What does this implement/fix?

This function adds _xp_mean, an array-API compatible function which combines the features of np.mean, np.average, and np.nanmean in interface that fits with scipy.stats. This will be needed for making functions like pmean, hmean, and gmean array-API compatible.

Additional information

~~Potential reviewers: would you be willing to write some unit tests with hypothesis? For such a fundamental function, it's particularly important that it works flawlessly!~~

If it doesn't sound too crazy, I'd suggest that this and similar var and std functions be added publicly to scipy.stats because they provide functionality that does not exist with the array API (e.g. weights, which has been explicitly rejected, and nan_policy, which has not been standardized and may not follow SciPy's convention). Even considering NumPy alone, it would be useful to have a single function that has all the functionality of mean, average, and nanmean in an interface consistent with the rest of scipy.stats.

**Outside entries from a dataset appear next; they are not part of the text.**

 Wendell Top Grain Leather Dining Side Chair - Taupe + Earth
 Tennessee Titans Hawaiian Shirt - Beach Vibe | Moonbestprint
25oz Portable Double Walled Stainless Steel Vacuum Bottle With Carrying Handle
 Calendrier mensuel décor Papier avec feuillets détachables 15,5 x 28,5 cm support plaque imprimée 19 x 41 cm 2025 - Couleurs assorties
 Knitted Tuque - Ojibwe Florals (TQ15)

Not pursuing these things right now. Let's just get this in so we can finish the other mean functions.

scipy/_lib/_array_api.py

scipy/_lib/tests/test_array_api.py

[skip ci]

mdhaber · 2024-05-18T23:33:21Z

scipy/stats/tests/test_axis_nan_policy.py

+    (xp_mean_1samp, tuple(), dict(), 1, 1, False, lambda x: (x,)),
+    (xp_mean_2samp, tuple(), dict(), 2, 1, True, lambda x: (x,)),


Most scipy.stats functions use the _axis_nan_policy decorator to implement nan_policy, keepdims, and tuple axis. I've implemented all these features natively for improved performance (e.g. nan_policy='omit' would otherwise loop over each slice), and the function still passes all the tests, which are quite stringent. So if you don't want to write tests with hypothesis, I'm still pretty comfortable with this.

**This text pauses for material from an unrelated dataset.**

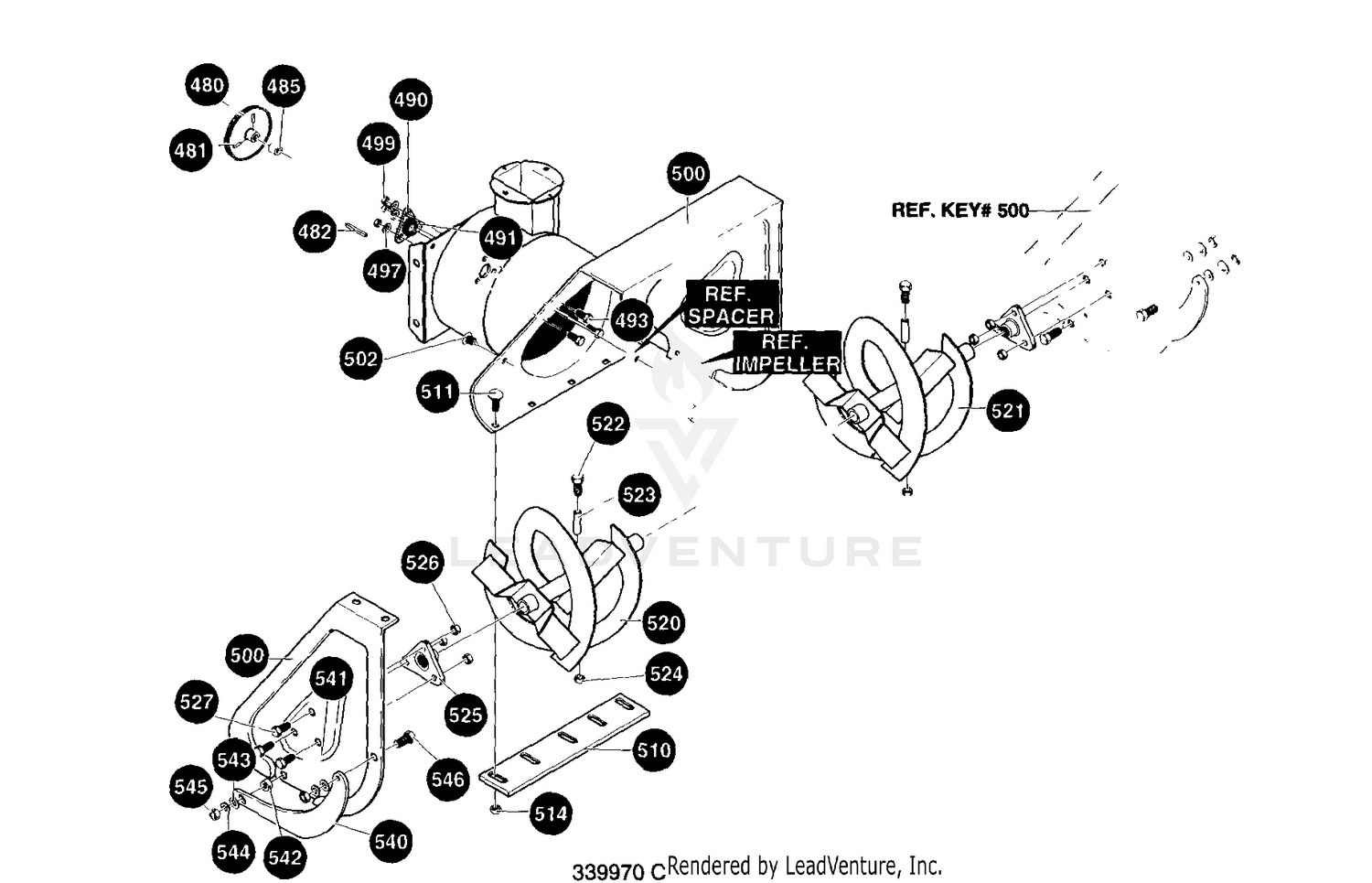 Auger Housing Assembly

mdhaber · 2024-05-18T23:43:33Z

scipy/_lib/_array_api.py

+
+    if weights is not None and x.shape != weights.shape:
+        try:
+            x, weights = xp.broadcast_arrays(x, weights)


A few thoughts about broadcasting:

Technically x = [1, 2, 3] is broadcastable with weights = [2], and it can be interpreted as giving all observations a weight of 2.

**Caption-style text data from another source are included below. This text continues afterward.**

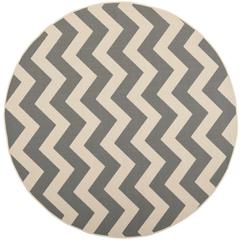 COURTYARD, GREY / BEIGE, 4' X 4' Round, Area Rug, CY6244-246-4R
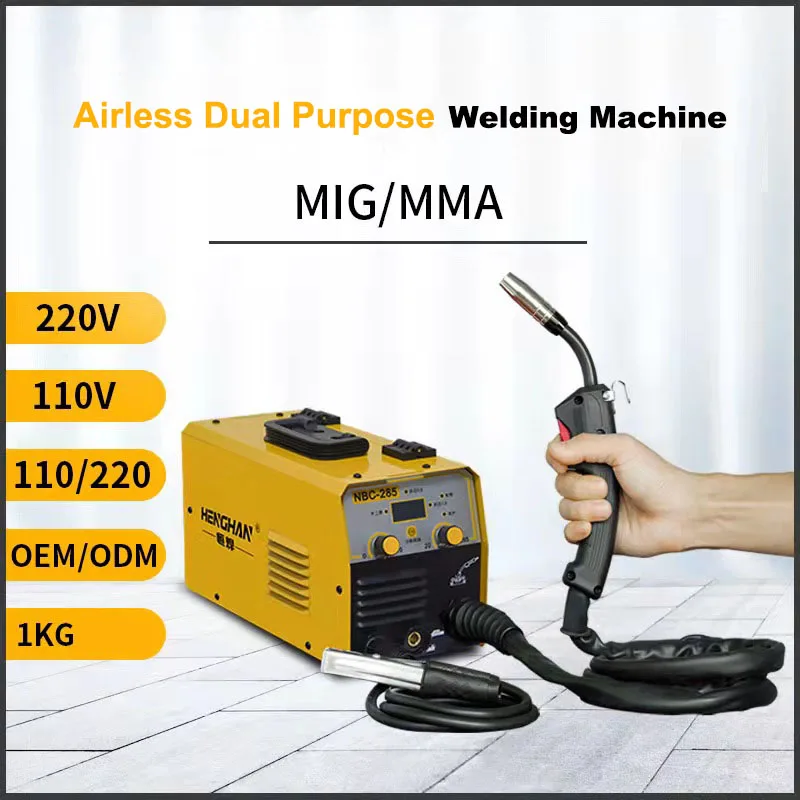 110V & 220V CO2 аппарат для сварки в среде защищенного газа портативный MMA/MIG/TIG IGBT инвертора переменного тока Dc надежных партнеров! Безвоздушные среднего склеивания сварочный NBC-285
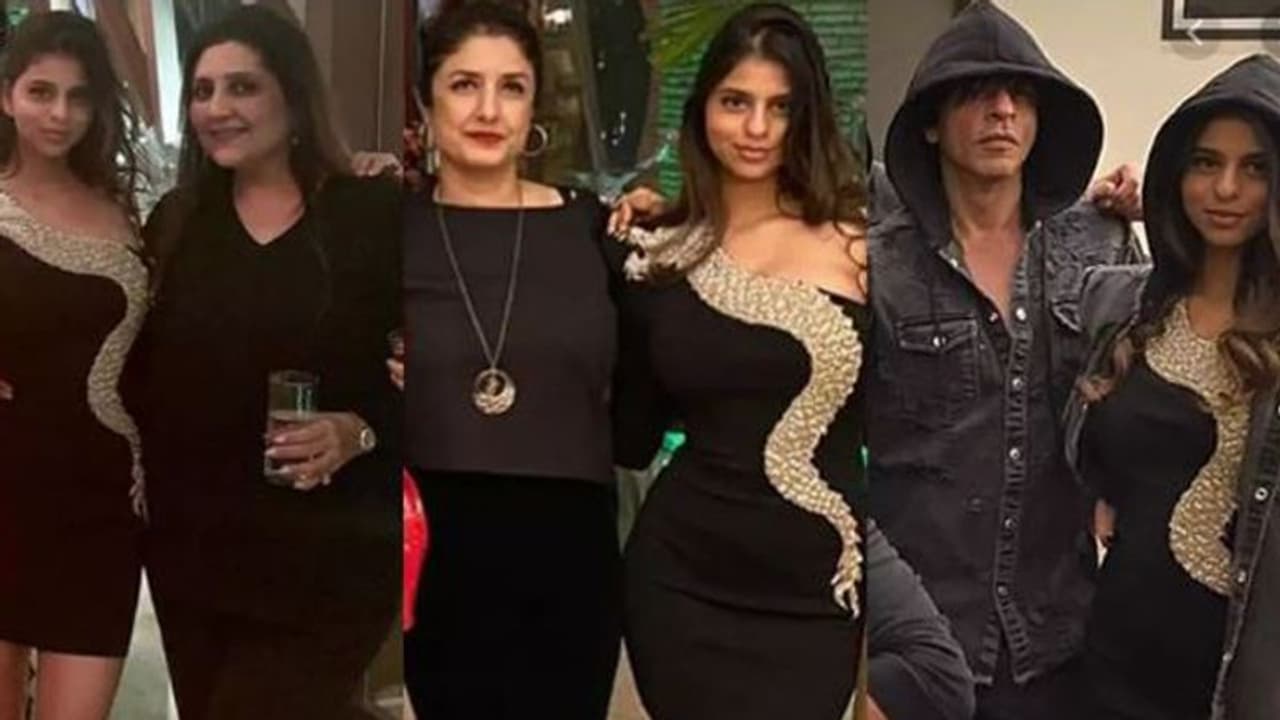 കറുത്ത സ്ലീവ്ലെസ് ഡ്രസിൽ സുന്ദരിയായി ഷാരൂഖിന്റെ മകൾ; ഈ വസ്ത്രത്തിന്റെ വില എത്രയാണെന്ന് അറിയേണ്ടേ...? കറുത്ത സ്ലീവ്ലെസ് ഡ്രസിൽ സുന്ദരിയായി ഷാരൂഖിന്റെ മകൾ; ഈ വസ്ത്രത്തിന്റെ വില എത്രയാണെന്ന് അറിയേണ്ടേ...?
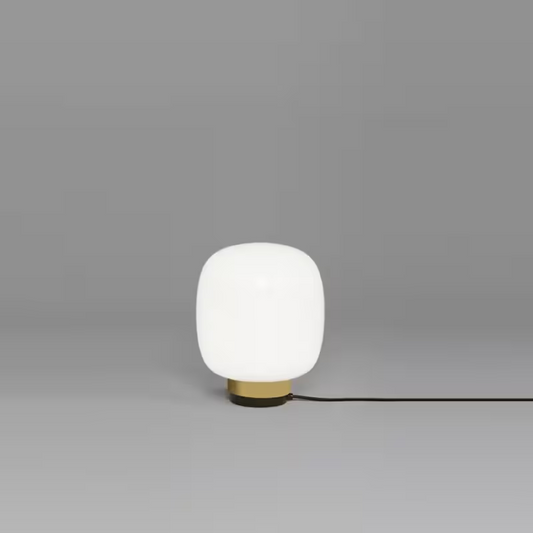 Legier Small LED Table Lamp with White Glass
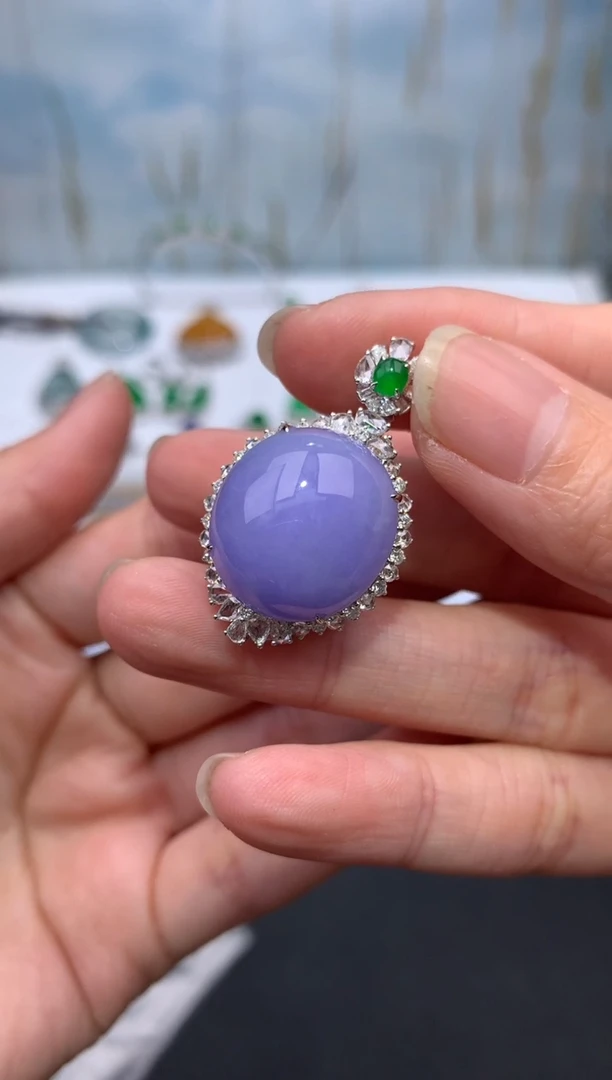 【闪购商品】定制翡翠18K金镶嵌模式推广期24小时鉴赏期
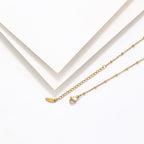 Collar Elegante Tono Oro con Medalla Milagrosa y Dije de Cruz Sencilla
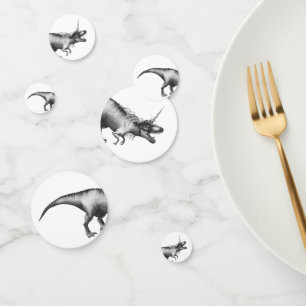 Dinocorn Silver   Fantasy Unicorn Dinosaur Party Confetti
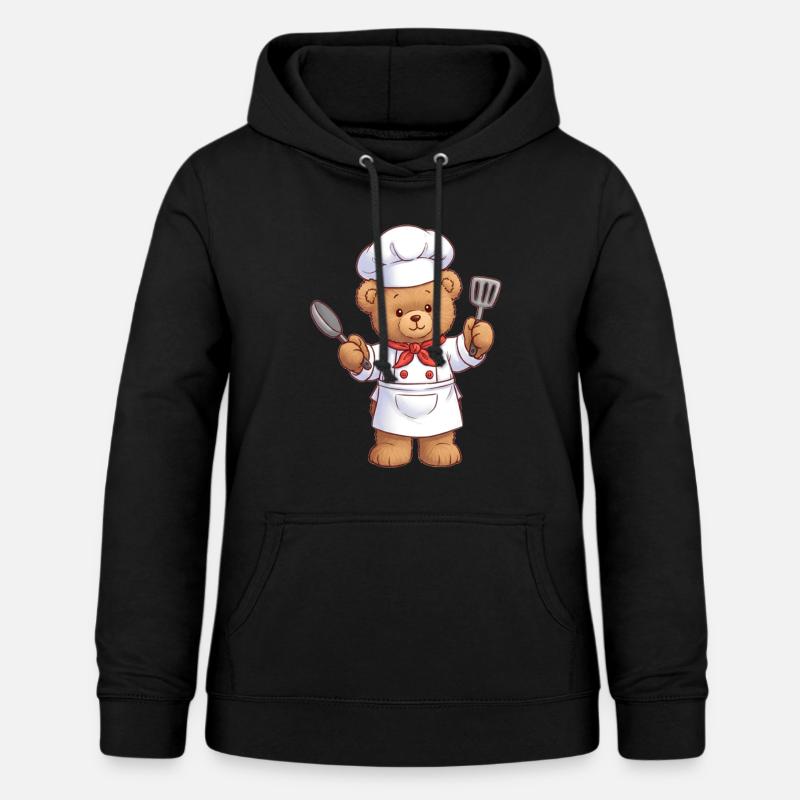 Teddy Bear Cook - Women's Hoodie - black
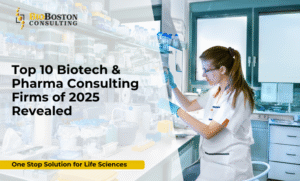 Top 10 biotech consulting firms infographic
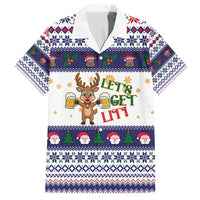 Reindeer Beer Christmas Hawaiian Shirt Xmas Holiday Patterns - Wonder Print Shop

Technically, x = [1] is broadcastable with weights = [1, 2, 3]: now we have x being broadcast to the shape of weights rather than the (more natural) other way around.

Technically x = [] is broadcastable with weights = [1]: weights gets broadcasted to shape (0,), and the weighted mean is NaN.

It's clearly simpler to just accept these sorts of things, but since they're not useful, one could argue that we shouldn't. I'd propose that we just accept them, but if there are strong opinions about not accepting them, LMK.

rgommers · 2024-05-19T08:46:25Z

scipy/_lib/_array_api.py

@@ -475,3 +476,155 @@ def xp_sign(x, xp=None):
    sign = xp.where(x < 0, -one, sign)
    sign = xp.where(x == 0, 0*one, sign)
    return sign
+
+
+def xp_add_reduced_axes(res, axis, initial_shape, *, xp=None):


Could you add a note on why this is needed? Is it temporary, why can't xp.add not be used, etc.?

Type annotations and consistency with other functions in this file would be useful too (at least if you expect this function to stay around for a while).

res should preferably be positional-only.

Perhaps a better name would have been xp_replace_reduced_axes or xp_keepdims: it adds back axes that have been reduced away. However, when there are other comments to respond to, I'll just move the logic back into xp_mean, since I'm not sure if it will be used elsewhere. It can be factored out again as needed. Although the comment wasn't about xp_mean, I can make the first argument of xp_mean positional-only.

fancidev · 2024-05-19T22:11:39Z

Why was weights explicitly rejected for the Array API? Would you by chance have a link or something for the discussion back then?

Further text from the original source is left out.